The maternal uncle of the proband showing slight hypertrophy of his calves.

Figure 3.

Figure 3.

Western blots of the proband (3A) and his maternal uncle (3B). The blots show weak dystrophin bands with a slightly shorter dystrophin than the wild-type. α-Sarcoglycan and β-dystroglycan are down-regulated secondary to the dystrophin loss.CTRL, control.

Discussion

Mutations involving exon 26 have been described several times (5), most often leading to a Duchenne phenotype. These mutations introduce premature stop codons (6-8) or disrupts correct reading, all leading to loss of functional dystrophin protein. Here we present the first report of patients hemizygous for a deletion in exon 26. The deletion is predicted to result in an "in-frame" transcript of the dystrophin gene. Exon 26 is part of the central rod domain of dystrophin that connects the actin at the sarcomer to the glycoprotein complex at the membrane. The exact function of exon 26 or the central rod domain is not entirely understood, and the consequence of exon 26 deletion can therefore not be predicted theoretically. Assuming the proband's co-morbidity is unrelated to the dystrophinopathy, our findings suggest that exon 26 deletion results in a very mild phenotype.

According to human genome mutation database (HGMD) 23 different point mutations or smaller insertion/ deletion mutations are located in exon 26 all but a few resulting in a Duchenne phenotype. Our finding implicates that patients with these mutations could potentially benefit from an exon-skipping therapy in which exon 26 is skipped, with the aim of ameliorating the phenotype from Duchenne to a Becker muscular dystrophy. Our finding has therefore potentially positive therapeutic implications for a selection of Duchenne patients.

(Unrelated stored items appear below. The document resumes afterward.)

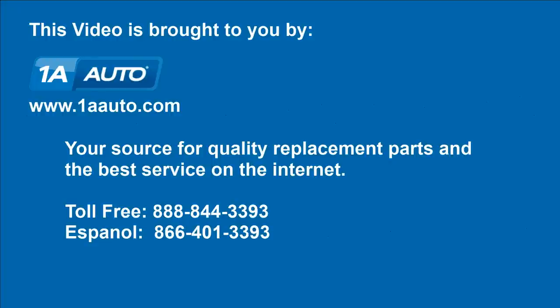We hope this helps you out. Brought to you by www.1AAuto.com, your source for quality replacement parts and the best service on the internet. Please feel free to call us toll free 888-844-3393. We're the company that's here for you on the internet and in person.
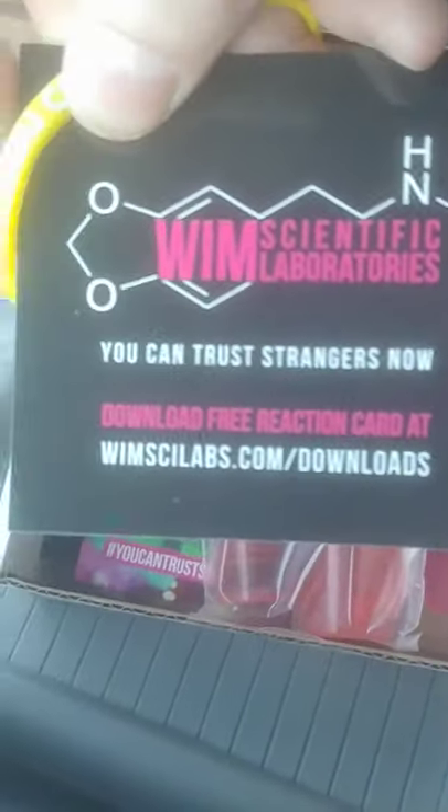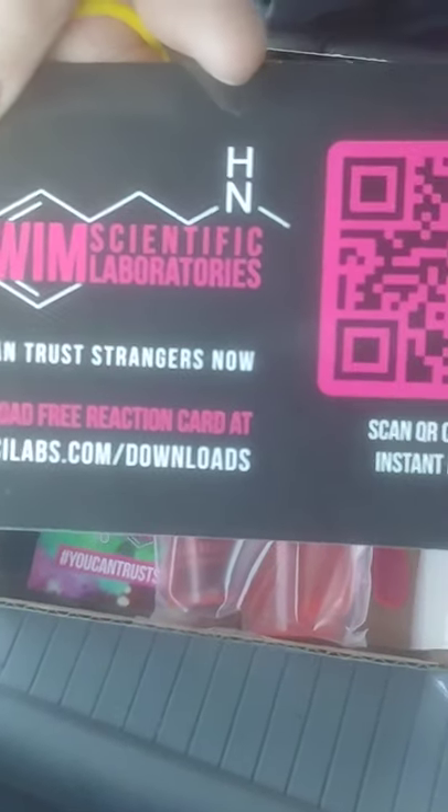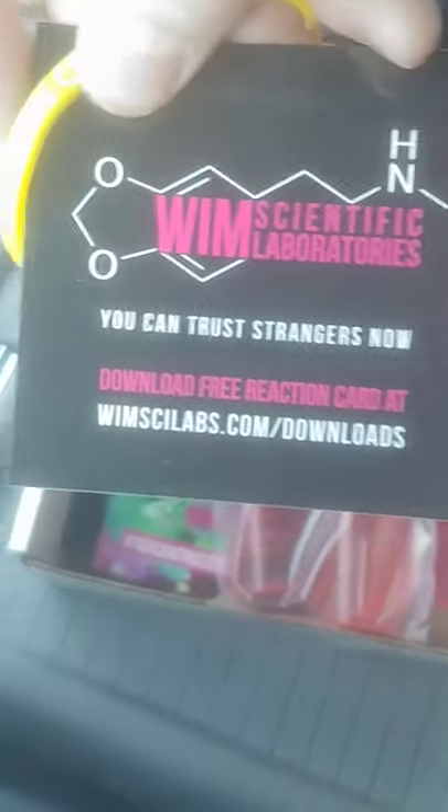It's from this spot right here. And right now, if you call them, they'll give you all three testers. It's like $22 after tax.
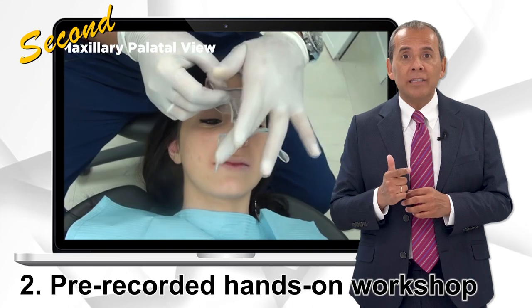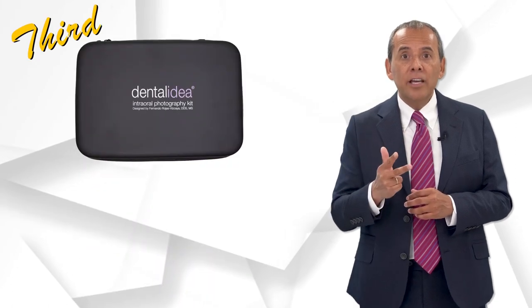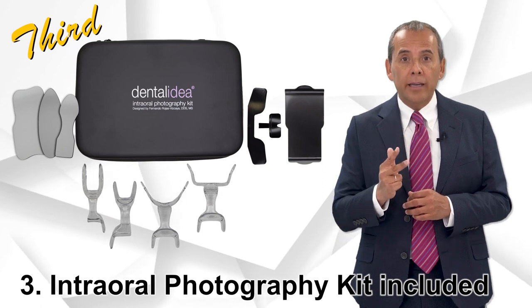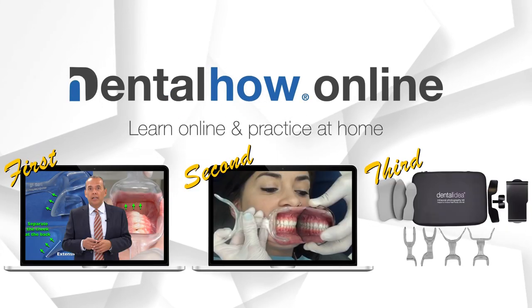Second, the pre-recorded hands-on workshop where you will see how to take intraoral photos. And third, we will send you the same intraoral photography kit used during the workshop. So, you can learn online and practice at home.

Another interesting finding is the normal CK in one of our subjects. We have previously reported normal CK levels with deletion of exon 16 of the dystrophin gene (9). The index person was an asymptomatic 26 year old woman who volunteered to donate reference material for genetic analysis. Thus the finding of the exon 16 deletion was accidental. Her 60-year-old father also was hemizygous for the same deletion and like his daughter had normal CK, muscle biopsy and clinical examination. Normal CK and clinical evaluation have also been described with deletion of exons 49-51 in a grandfather, whereas the younger members of the family were symptomatic with elevated CK (10). Normal CK level in asymptomatic individuals with aberrations of the dystrophin gene is therefore known. In contrast, normal CK in symptomatic Becker patients have not been reported before. This finding has important implications for clinical practice, because a raised CK normally is considered obligatory for Becker muscular dystrophy.